Del «querer es poder» al «esto es lo que hay»

Sin duda, la psicología y las teorías educativas proporcionan una útil guía a los padres para ayudar a sus pequeños a manejar la frustración. Sin embargo, explicarles a sus retoños que no solo van a estrellarse en muchos de los grandes y pequeños objetivos que se plateen en la vida, sino que deberán afrontar esos fiascos con buen talante es una lección dolorosa de impartir. Al fin y al cabo, consiste en admitir que la existencia está llena de limitaciones y sinsabores, y que ellos no están exentos de experimentarlos.

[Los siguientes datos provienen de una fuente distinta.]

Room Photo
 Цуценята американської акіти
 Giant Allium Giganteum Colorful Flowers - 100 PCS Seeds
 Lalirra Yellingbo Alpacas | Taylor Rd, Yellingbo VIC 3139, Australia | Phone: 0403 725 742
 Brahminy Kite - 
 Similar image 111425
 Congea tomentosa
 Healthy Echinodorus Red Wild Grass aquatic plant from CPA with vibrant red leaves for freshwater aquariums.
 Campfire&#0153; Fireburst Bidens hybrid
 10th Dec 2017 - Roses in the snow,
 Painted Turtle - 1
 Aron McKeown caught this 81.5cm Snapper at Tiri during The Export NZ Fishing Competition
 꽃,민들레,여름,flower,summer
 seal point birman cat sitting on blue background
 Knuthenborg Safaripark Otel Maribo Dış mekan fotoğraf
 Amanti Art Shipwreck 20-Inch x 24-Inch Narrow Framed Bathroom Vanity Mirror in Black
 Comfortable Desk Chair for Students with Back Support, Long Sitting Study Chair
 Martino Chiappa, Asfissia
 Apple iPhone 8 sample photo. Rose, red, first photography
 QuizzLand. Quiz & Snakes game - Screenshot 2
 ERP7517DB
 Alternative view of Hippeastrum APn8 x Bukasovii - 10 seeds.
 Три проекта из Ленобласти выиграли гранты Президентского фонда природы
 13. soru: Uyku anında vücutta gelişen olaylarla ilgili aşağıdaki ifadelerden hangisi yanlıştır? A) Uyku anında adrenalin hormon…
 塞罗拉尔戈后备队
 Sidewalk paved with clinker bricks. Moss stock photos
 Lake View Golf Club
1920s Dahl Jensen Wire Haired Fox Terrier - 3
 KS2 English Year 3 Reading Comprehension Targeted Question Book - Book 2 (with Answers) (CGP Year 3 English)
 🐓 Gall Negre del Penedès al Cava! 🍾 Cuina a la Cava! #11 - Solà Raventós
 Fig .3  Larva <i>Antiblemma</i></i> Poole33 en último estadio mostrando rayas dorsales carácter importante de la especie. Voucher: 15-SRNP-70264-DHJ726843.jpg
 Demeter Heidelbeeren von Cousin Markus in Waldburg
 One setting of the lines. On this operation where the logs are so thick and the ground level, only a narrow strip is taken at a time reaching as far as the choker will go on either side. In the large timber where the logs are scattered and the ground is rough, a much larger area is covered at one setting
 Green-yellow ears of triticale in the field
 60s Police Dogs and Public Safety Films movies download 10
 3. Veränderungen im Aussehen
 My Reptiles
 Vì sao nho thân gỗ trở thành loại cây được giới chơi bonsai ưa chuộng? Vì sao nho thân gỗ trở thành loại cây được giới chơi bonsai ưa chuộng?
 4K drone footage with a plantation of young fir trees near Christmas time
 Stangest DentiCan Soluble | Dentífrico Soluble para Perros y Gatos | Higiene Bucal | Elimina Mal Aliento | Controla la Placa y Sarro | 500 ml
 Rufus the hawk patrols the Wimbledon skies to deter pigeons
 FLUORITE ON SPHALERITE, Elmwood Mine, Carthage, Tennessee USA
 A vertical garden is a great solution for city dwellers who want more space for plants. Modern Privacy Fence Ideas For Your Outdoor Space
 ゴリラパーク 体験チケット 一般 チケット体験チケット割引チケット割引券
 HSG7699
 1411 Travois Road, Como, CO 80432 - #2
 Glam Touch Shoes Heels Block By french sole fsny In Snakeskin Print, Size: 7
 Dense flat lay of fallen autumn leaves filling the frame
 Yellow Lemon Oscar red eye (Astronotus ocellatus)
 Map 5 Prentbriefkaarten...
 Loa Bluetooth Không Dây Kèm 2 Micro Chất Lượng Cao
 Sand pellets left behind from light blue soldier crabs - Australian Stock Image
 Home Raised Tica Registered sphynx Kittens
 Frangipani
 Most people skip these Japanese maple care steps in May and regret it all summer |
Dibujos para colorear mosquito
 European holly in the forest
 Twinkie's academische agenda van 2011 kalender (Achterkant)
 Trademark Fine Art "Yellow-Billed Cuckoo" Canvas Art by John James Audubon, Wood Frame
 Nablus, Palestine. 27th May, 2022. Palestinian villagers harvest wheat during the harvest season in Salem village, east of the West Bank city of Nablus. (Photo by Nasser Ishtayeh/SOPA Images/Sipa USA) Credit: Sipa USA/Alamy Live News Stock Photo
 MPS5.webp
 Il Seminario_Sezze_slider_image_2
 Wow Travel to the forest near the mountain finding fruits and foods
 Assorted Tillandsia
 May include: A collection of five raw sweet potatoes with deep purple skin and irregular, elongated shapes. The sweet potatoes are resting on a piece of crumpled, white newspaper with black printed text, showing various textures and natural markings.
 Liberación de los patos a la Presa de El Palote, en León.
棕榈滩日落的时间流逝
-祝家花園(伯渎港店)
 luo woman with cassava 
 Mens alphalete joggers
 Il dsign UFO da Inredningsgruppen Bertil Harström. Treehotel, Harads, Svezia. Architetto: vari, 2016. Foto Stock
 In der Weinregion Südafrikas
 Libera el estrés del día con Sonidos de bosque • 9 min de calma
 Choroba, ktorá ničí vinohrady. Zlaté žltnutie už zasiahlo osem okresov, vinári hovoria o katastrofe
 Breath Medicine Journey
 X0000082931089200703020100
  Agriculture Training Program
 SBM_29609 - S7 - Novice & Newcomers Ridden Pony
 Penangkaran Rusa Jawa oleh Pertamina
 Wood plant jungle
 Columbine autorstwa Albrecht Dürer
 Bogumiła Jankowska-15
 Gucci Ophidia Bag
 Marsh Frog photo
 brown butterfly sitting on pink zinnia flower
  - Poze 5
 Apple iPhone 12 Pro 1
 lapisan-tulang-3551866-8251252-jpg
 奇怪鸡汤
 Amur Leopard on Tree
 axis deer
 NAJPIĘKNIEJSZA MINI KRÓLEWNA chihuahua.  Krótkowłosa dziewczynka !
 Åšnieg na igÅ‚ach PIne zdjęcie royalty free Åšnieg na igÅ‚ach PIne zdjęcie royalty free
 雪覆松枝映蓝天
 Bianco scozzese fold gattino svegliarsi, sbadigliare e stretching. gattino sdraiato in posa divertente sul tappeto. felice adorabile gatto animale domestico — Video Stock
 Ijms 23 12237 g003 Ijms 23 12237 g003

Es, por otra parte, un mensaje un tanto confuso para sus receptores, en la medida en que contradice otra enseñanza que los papás y las mamás no se cansan (esta vez, entusiásticamente) de repetirles: «querer es poder», «serás lo que tú quieras ser», «el esfuerzo siempre obtiene recompensa».

Bajo ese prisma, aceptar la frustración como un inevitable compañero de viaje incluye un punto de claudicación, de resignación ante los límites que impone la realidad. Y a ningún progenitor le gusta ser portador de semejantes noticias.

Afortunadamente, la psicología también ha encontrado la forma de reconciliar estas dos líneas de pensamiento aparentemente opuestas. Lo ha hecho a través del concepto de resiliencia. Esta habilidad sería una especie de tarifa plana de tropiezos vitales amparada por la promesa (o, más bien, acto de fe) de que, si uno persevera y aprende a levantarse después de cada caída, al final llegará la recompensa.

Paradójicamente, pocas cosas frustran más a un padre o a una madre que comprobar lo mal que llevan sus hijos la frustración. Cada vez que asisten a una de esas rabietas y episodios de embargo emocional infantil, ellos mismos experimentan tristeza, enfado, llanto, sorpresa, impotencia, incomprensión… Seguramente porque intuyen, como adultos que son, que su joven progenie no está para nada preparada para afrontar lo que sin duda los años le traerán por delante. Y eso les hace sentir culpables y les trae, además, a la memoria sus propios desengaños y lo mal que se sintieron (y quizás aún se sientan) a causa de ellos. Y, lo peor de todo, les recuerda que tienen que coger a esas criaturas llenas de ilusión y entusiasmo por la vida y empezar a enseñarles el amargo sabor de la derrota y la rendición.